/maskformer

Maskformer (Per-Pixel Classification is Not All You Need) in PyTorch.

Primary LanguagePythonMIT LicenseMIT

Maskformer

Last update: May 2023.


Implementation of Maskformer (Cheng et al. 2021) for instance segmentation.

The setup is very similar to set prediction for object detection (Carion et al. 2020). We query a Transformer with an overdetermined set of queries, each of which represents an instance-level mask. At training time, Hungarian matching allows each query to learn to snap to one particular mode rather than splitting across modes.

In the figure below, the groundtruth is on the left.

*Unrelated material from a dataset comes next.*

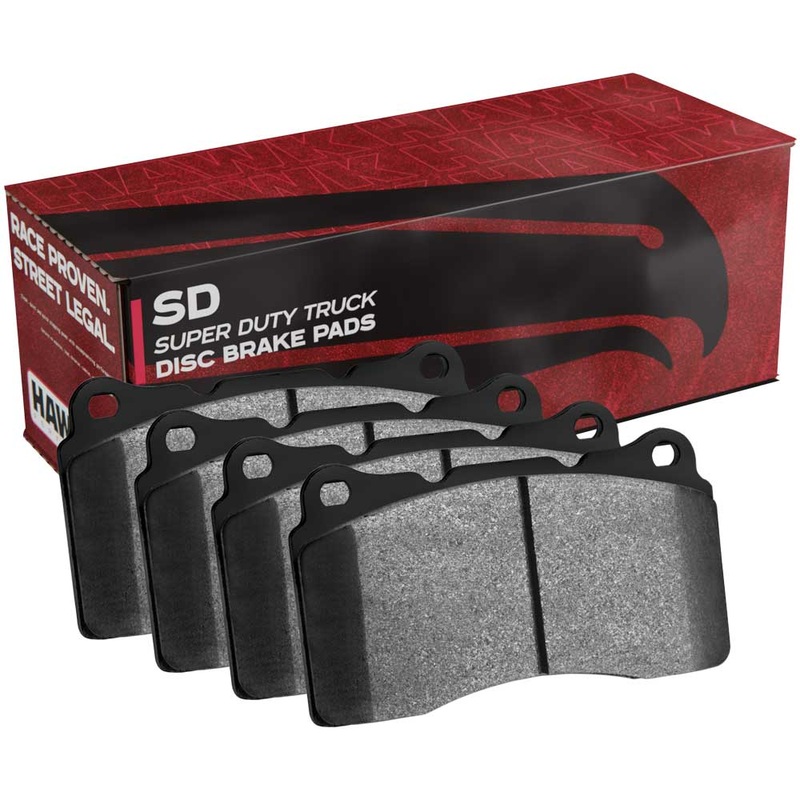 Hawk HB302P.700 Brake Pads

Queries use positional embeddings to separate instances.

One noteworthy innovation of the Maskformer paper is representing each query's instance segmentation output as the dot product of a high resolution feature with a query-specific feature. This saves a significant amount of time compared to up-sampling an instance mask per query.

Each mask has a loss consisting of classification and mask terms:

$$\mathcal{L}(\mathbf{y}, \hat{\mathbf{y}}) = \lambda_\mathrm{cls}\mathcal{L}_\mathrm{cls}(y_\mathrm{cls}, \hat{y}_\mathrm{cls}) + \lambda_\mathrm{mask}\mathcal{L}_\mathrm{cls}(\mathbf{y}_\mathrm{mask}, \hat{\mathbf{y}}_\mathrm{mask})$$

We implement a couple loss functions for the mask, given per-pixel predictions $p \in [0, 1]$ and groundtruth $y \in {0, 1}$.

  1. Binary Cross-Entropy. $-y\log p - (1-y)\log (1-p)$.
  2. Brier Score. $(p - y)^2$.
  3. Dice Loss.

The forward pass is extremely simple:

    def forward(self, x):
        low_res_feat, high_res_feat = self.nn_module(x)
        low_res_feat = rearrange(low_res_feat, "b c h w -> b (h w) c")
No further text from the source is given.